- [YOUR TASK]: Each line below should be repeated exactly, but no picture should be carried over.

- [RECORDED DATA]:
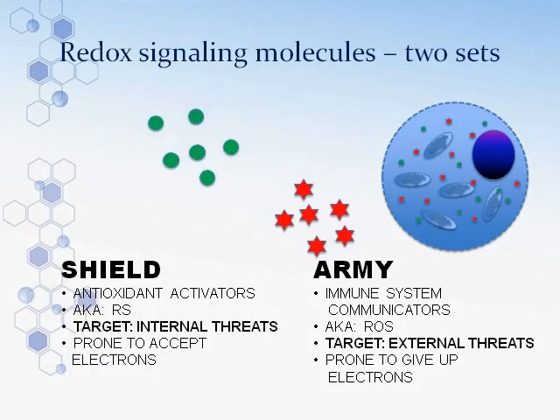There are two sets of molecules. One represents the army — the weapon of choice for the immune system — targeting external threats like viruses, bacteria, and invading pathogens. The other is the shield. Once you have a perfect amount of army and shield, a cell is very healthy — it's called homeostasis. That cell functions properly, eliminates things that shouldn't be there, and the shield creates protective enzymes that coat organelles and cell walls so the army doesn't destroy the good things.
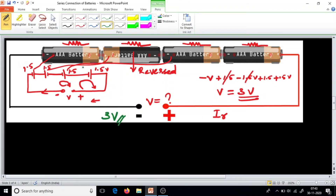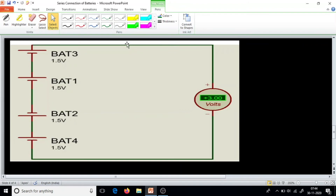In other words, the second and third batteries oppose each other and cancel, so we lose 2 battery voltages and get only 3 volts. I have simulated this in Proteus — see, the positive of one battery is connected to negative and negative to positive, so this battery is reversed, and we still get a voltage of 3 volts. You can try it at home using four cells. Thanks for watching, see you.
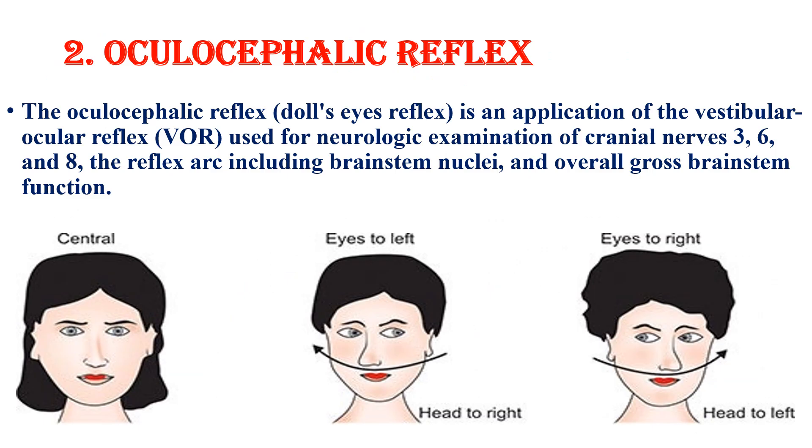The second is the oculocephalic reflex, or doll's eye reflex. This is a neurological test that assesses the function of the brain stem and cranial nerves. It is used to examine patients in critical care, as well as neonates, anesthetized patients, and those in a comatose state.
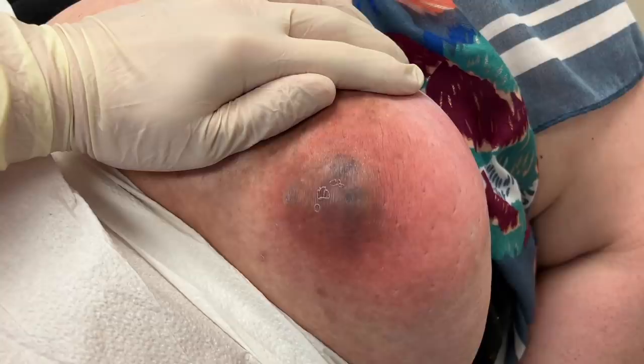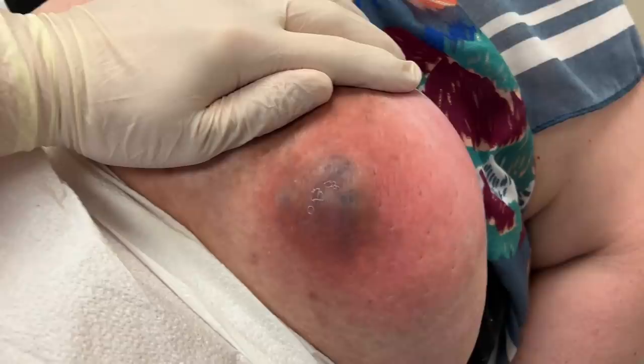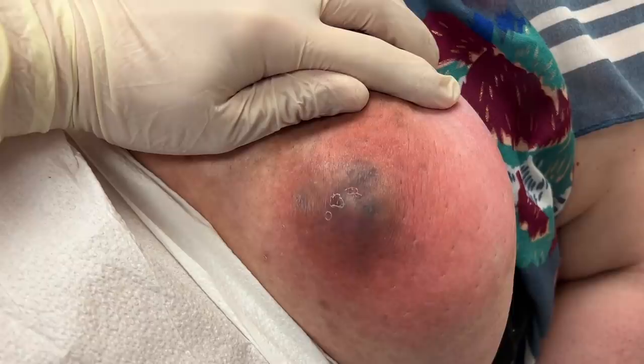Hey guys, Greg Lynch here and we have one of many things that we do, which is an abscess. This is on the underside of a breast and it's common in patients that are diabetics — they tend to get more infections. You can see here this is really inflamed. I'm covering the areola with my hand and this is the outer lower part of the breast. So this is very red, very warm, and very tender.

- [REPLY TO THE EXERCISE]:
There are two sets of molecules. One represents the army — the weapon of choice for the immune system — targeting external threats like viruses, bacteria, and invading pathogens. The other is the shield. Once you have a perfect amount of army and shield, a cell is very healthy — it's called homeostasis. That cell functions properly, eliminates things that shouldn't be there, and the shield creates protective enzymes that coat organelles and cell walls so the army doesn't destroy the good things.
In other words, the second and third batteries oppose each other and cancel, so we lose 2 battery voltages and get only 3 volts. I have simulated this in Proteus — see, the positive of one battery is connected to negative and negative to positive, so this battery is reversed, and we still get a voltage of 3 volts. You can try it at home using four cells. Thanks for watching, see you.
The second is the oculocephalic reflex, or doll's eye reflex. This is a neurological test that assesses the function of the brain stem and cranial nerves. It is used to examine patients in critical care, as well as neonates, anesthetized patients, and those in a comatose state.
Hey guys, Greg Lynch here and we have one of many things that we do, which is an abscess. This is on the underside of a breast and it's common in patients that are diabetics — they tend to get more infections. You can see here this is really inflamed. I'm covering the areola with my hand and this is the outer lower part of the breast. So this is very red, very warm, and very tender.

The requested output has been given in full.